10 Things To Buy Before The Economy Improves

The deals you're seeing on everything from houses and cars to televisions and furniture won't last forever. As the economy improves in coming months, they'll evaporate. Luckily, for a host of goods and services, the sale of the century (literally) is still on. A look at 10 things you may want to buy while they buying's good. [via forbes]

1. A House
Housing prices finally seem to be bottoming out in most regions. There are also some great buys available due to short sales and foreclosures, which accounted for 40%-45% of purchases in February, according to the National Association of Realtors. Falling interest rates (under 5% for a 30-year mortgage) and government incentives ($8,000 first-time home buyer's credit) aren't bad either.

2. A Car
With the auto industry suffering, manufacturers are offering huge incentives on their swelling inventories of new cars. Buyers with good credit can get 0% financing on most types of cars and some cash rebates can be upward of $6,000. Don't rule out a used car either: The February 2009 Consumer Price Index shows a 10% decrease in used car prices from a year ago.

3. A Vacation
Need a break?
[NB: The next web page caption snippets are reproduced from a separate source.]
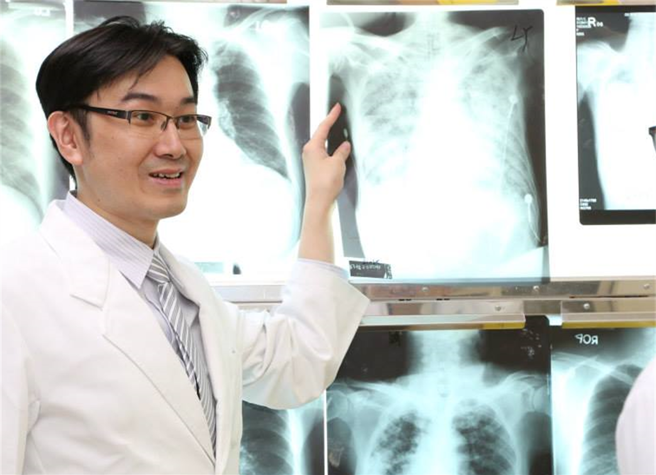 自己的学弟变成侧翼网军，重症医师苏一峰感慨「可能是我害的」。(图／苏一峰脸书)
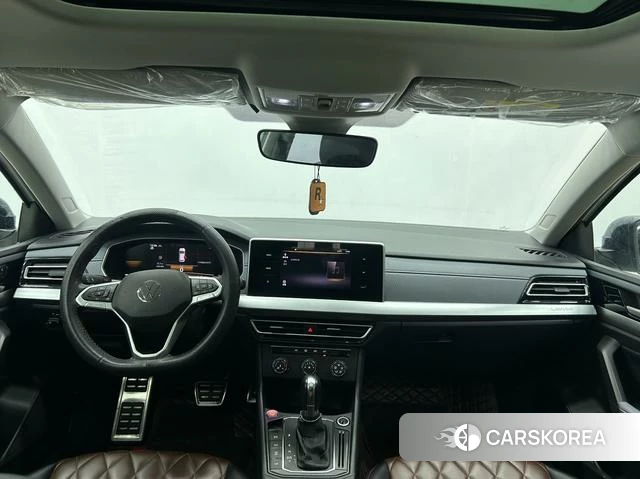 Volkswagen Lavida 2023 Белый из Китая, фото 3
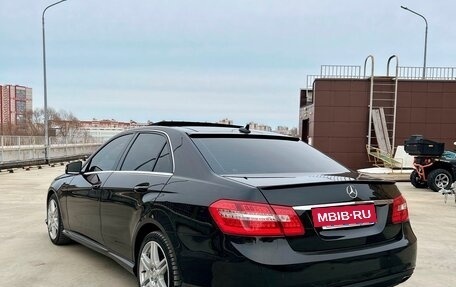 Mercedes-Benz E-Класс, 2013 год, 2 250 000 рублей, 5 фотография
Now's the time to take one. According to Expedia.com research, average hotel prices in many desirable destinations have plummeted. For example, hotel prices in Las Vegas are down 34% from a year ago. Average Caribbean cruise prices have fallen 8% compared with the first quarter of 2008. Several travel agents also bragged about booking week-long Alaskan summer cruises for as low as $1,000 per person, including airfare and taxes.

4. Toys
Parents can breathe a sigh of relief: More affordable toys are on their way for the holidays. According to the Toy Industry Association, Inc., toy manufacturers are responding to the economic climate by developing low-cost toys. One toymaker, Wild Planet, has priced their entire 2009 line under $25. Look for lower-priced toys starting to hit stores this summer.

5. High-Dividend Stocks
The S&P 500 is down 40% from a year ago and could fall further, but for those willing to brave the market and wait, deals abound. Inflation could make it an even better time to buy. Washington's bailouts and ballooning budgets may make stocks with a history of high dividends a good option--they take advantage of today's low stock prices and implicitly protect investors from future inflation through regular dividend payments.

6. A Laptop
Paul Ryder, vice president of consumer electronics for Amazon.com, says laptop prices have dropped thanks to the interest in netbooks. Although the Consumer Price Index does not break out laptop computers from others, it seems to broadly support this claim, with personal computer prices falling 13% in February from a year earlier.

7. Diamonds
Don't wait for the economy to improve before popping the question. Diane Irvine, chief executive officer of leading online diamond retailer bluenile.com, says that the recession has quashed demand for diamonds, creating deals. According to Ken Gassman of the Jewelry Research Institute, prices for polished diamonds are down 14%, on average, from their highs last summer.

8. Women's Clothing
According to the Consumer Price Index, women's outerwear, shoes and accessories have all seen lower prices in February compared with a year ago. Recently, women have begun flocking to "value" retailers, according to Piper Jaffray retail clothing analyst Jeffrey Klinefelter. That means less expensive clothing stores can lower their prices through lower production costs, and more expensive clothing stores will be forced to have more sales and clearance racks.

9. A Television
Each year it seems as though TVs get cheaper and cheaper, but this year those decreases are starting to make larger flat-panel TVs far more affordable. The radio/television category in February's Consumer Price Index was down 9% from a year ago as more manufacturers get into the flat-panel business, driving prices down.

10. Furniture
With fewer people buying houses, fewer people are buying new furniture. Jim Sluzewski, a spokesman for Macy's, says furniture demand across the industry has noticeably decreased over the past year. That's driven many furniture retailers out of business, according to John Baugh, an analyst who covers the furniture industry at Stifel, Nicolaus & Co., Inc. Retailers still in the market have to respond to those liquidation sales with price-cuts and clearance items of their own. Baugh also noted that consumers with good credit can also often obtain very attractive financing.